## Available data

........

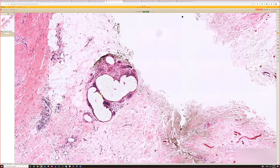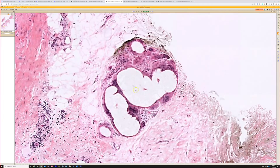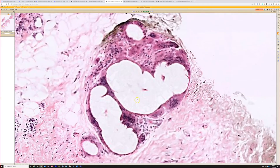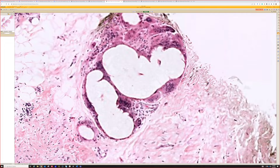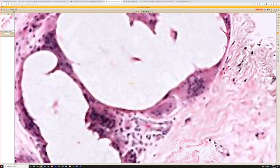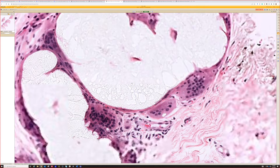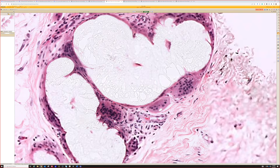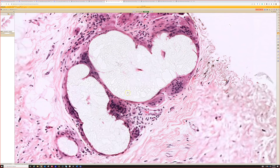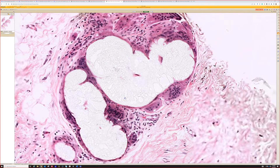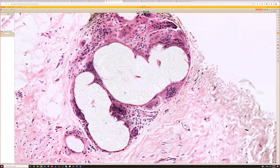We also have a little tiny focus of something else here — let's give it a second to focus up. There's a little incidental finding. Does anyone know what's going on here?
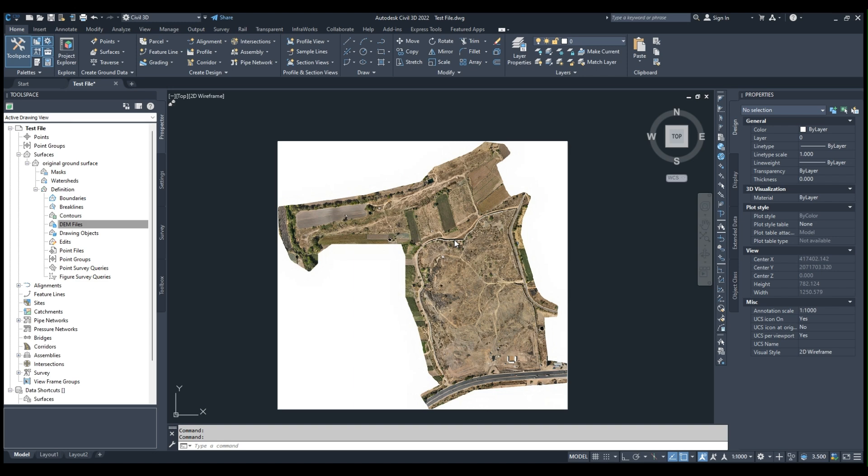In a few minutes, you can see that the surface will be created automatically from the DEM file.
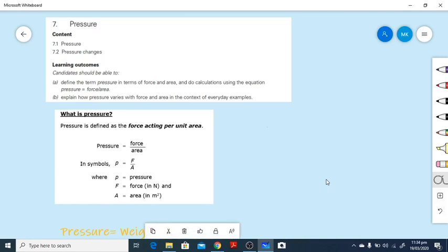Hello guys, I am back with a topic related to pressure. This is chapter number 7 from your O-level savers. The learning objectives we will cover are 7.1 and 7.2. The first learning objective is to define the term pressure in terms of force and area, and do calculations using the equation pressure equals force over area.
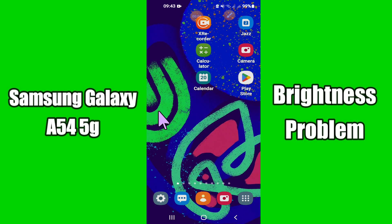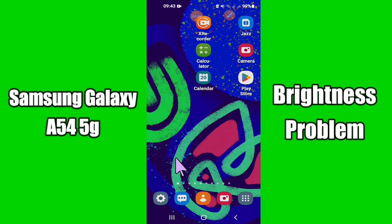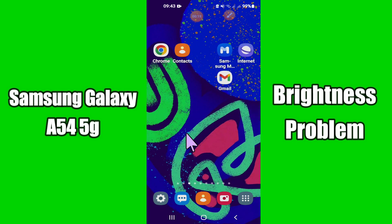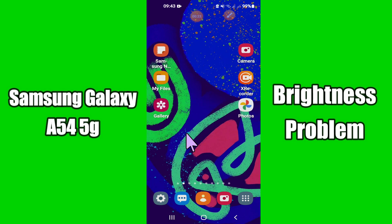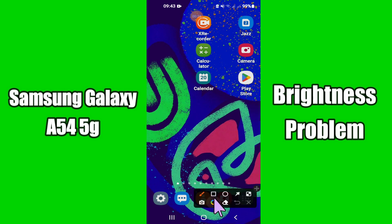Hi everyone, today in this video I'm going to show you how you can fix the brightness problem in your device, Samsung Galaxy A54 5G. I'll show you how you can fix the brightness auto increase and decrease problem. Before I start, if you are new to my channel, don't forget to subscribe and press the bell icon. Watch the complete video and learn how you can do it.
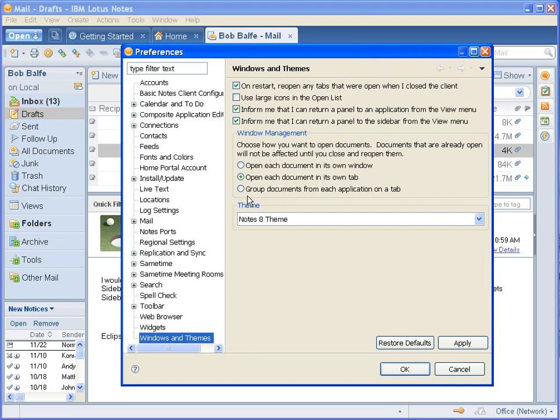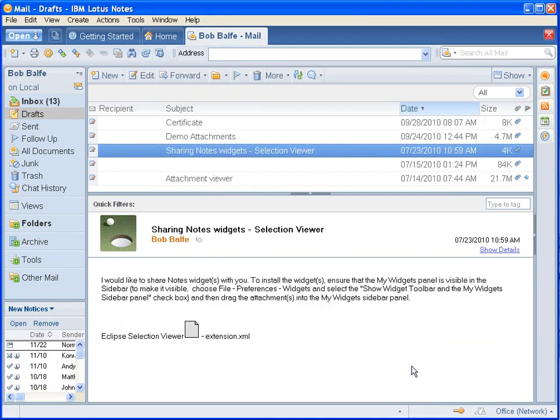And we're going to select this option right here: 'Group documents from each application tab on a tab.' And we'll click OK.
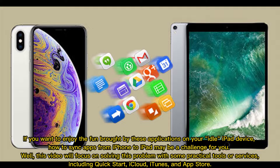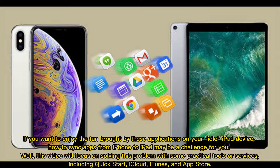If you want to enjoy the fun brought by these applications on your idle iPad device, how to sync apps from iPhone to iPad may be a challenge for you. This video will focus on solving this problem with some practical tools or services, including Quick Start, iCloud, iTunes, and App Store.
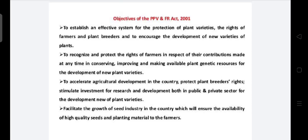In the next lecture, I will give a brief note on the objectives of the PPV and FR Act 2001. Thank you. If you have any doubts regarding this topic, you can ask in Google Classroom or in the comment section below.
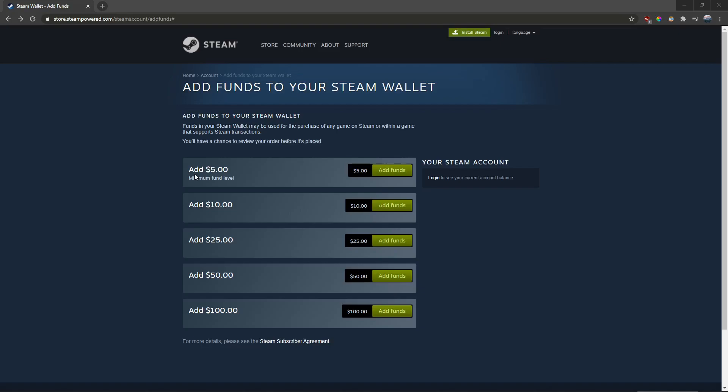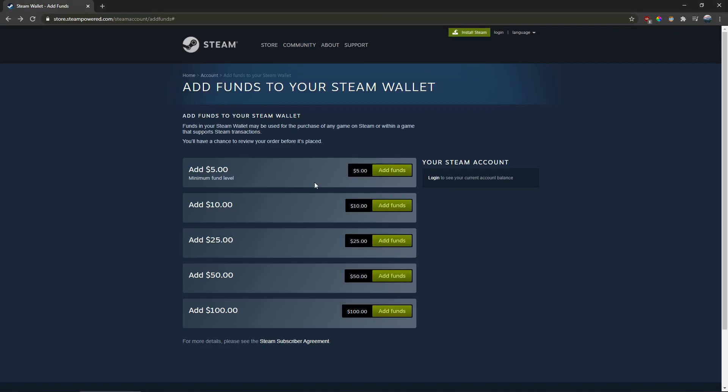You have to do this in an internet browser — you cannot do it in the Steam program. So go to Google Chrome, Safari, or whatever you use, and go to the Steam Wallet Add Funds website instead of doing it in the Steam app.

........

## Work instruction
From the first record to the last, transcribe everything exactly but drop the pictures.

## Written solution
We also have a little tiny focus of something else here — let's give it a second to focus up. There's a little incidental finding. Does anyone know what's going on here?
In a few minutes, you can see that the surface will be created automatically from the DEM file.
Hello guys, I am back with a topic related to pressure. This is chapter number 7 from your O-level savers. The learning objectives we will cover are 7.1 and 7.2. The first learning objective is to define the term pressure in terms of force and area, and do calculations using the equation pressure equals force over area.
Hi everyone, today in this video I'm going to show you how you can fix the brightness problem in your device, Samsung Galaxy A54 5G. I'll show you how you can fix the brightness auto increase and decrease problem. Before I start, if you are new to my channel, don't forget to subscribe and press the bell icon. Watch the complete video and learn how you can do it.
And we're going to select this option right here: 'Group documents from each application tab on a tab.' And we'll click OK.
If you want to enjoy the fun brought by these applications on your idle iPad device, how to sync apps from iPhone to iPad may be a challenge for you. This video will focus on solving this problem with some practical tools or services, including Quick Start, iCloud, iTunes, and App Store.
In the next lecture, I will give a brief note on the objectives of the PPV and FR Act 2001. Thank you. If you have any doubts regarding this topic, you can ask in Google Classroom or in the comment section below.
You have to do this in an internet browser — you cannot do it in the Steam program. So go to Google Chrome, Safari, or whatever you use, and go to the Steam Wallet Add Funds website instead of doing it in the Steam app.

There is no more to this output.